La Nigeria mantiene le frontiere chiuse

Abuja ha deciso la chiusura – contestata dai vicini – dei confini del Paese il 20 agosto scorso. Ufficialmente per combattere il contrabbando. Futuro difficile per Benin e Niger

La chiusura dei confini della Nigeria è un duro colpo per l’economia del Benin. Per la benzina, ovviamente, ma anche e soprattutto per il riso. Il Paese è uno dei maggiori importatori al mondo, ma gran parte del suo stock viene infatti riesportato in Nigeria. È un duro colpo anche per il Niger: «Si stima che 40 miliardi di franchi Cfa (60 milioni di euro) siano il calo di Pil dovuto alla chiusura dei confini della Nigeria», ha dichiarato Mamadou Diop, ministro delle Finanze nigerino.

La chiusura è altresì un duro colpo per i Paesi membri dell’Ecowas (Comunità economica degli Stati dell’Africa occidentale).
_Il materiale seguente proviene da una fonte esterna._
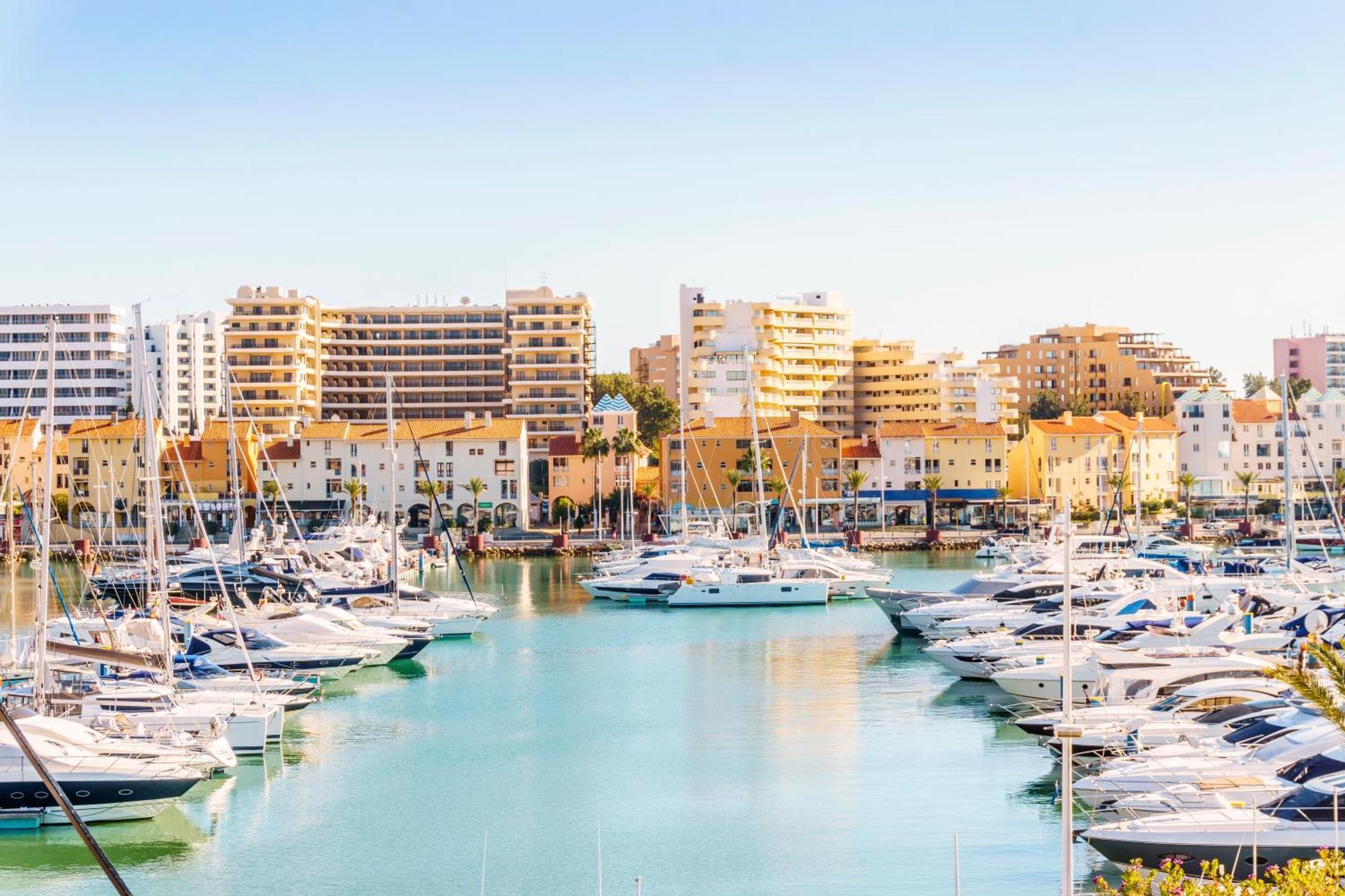 Cozy Ocean View Apartment Vilamoura Esterno foto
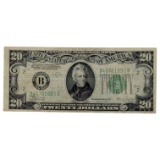 1934-C $20 Note - Green Seal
Per gli esperti, la chiusura delle frontiere «rovina le basi stesse del sistema commerciale Ecowas, vale a dire la circolazione delle merci in franchigia doganale in tutti i Paesi membri», denunciano. E penalizza l’economia dei vicini. «Secondo stime internazionali, il commercio transfrontaliero informale genererebbe circa il 20% del Pil del Benin», afferma Nigerian Tribune.

Il 14 novembre, ufficiali militari e doganali nigeriani hanno fatto irruzione in territorio beninese per sequestrare merci. Il Benin ha ovviamente protestato energicamente. Secondo le testimonianze, trenta uomini armati, presentatisi come ufficiali doganali e soldati nigeriani, sono sbarcati in territorio beninese per un’operazione di sequestro di riso. La squadra ha aperto le porte di un magazzino di proprietà di un commerciante beninese, ha sequestrato le merci e se n’è andato con sette pick-up pieni di sacchi di riso. L’ambasciatore nigeriano, intervistato dalla televisione del Benin, ha dichiarato di condannare qualsiasi cosa possa creare tensione tra i due Paesi e peggiorare la situazione attuale. Ha annunciato che sono in corso indagini per identificare gli autori.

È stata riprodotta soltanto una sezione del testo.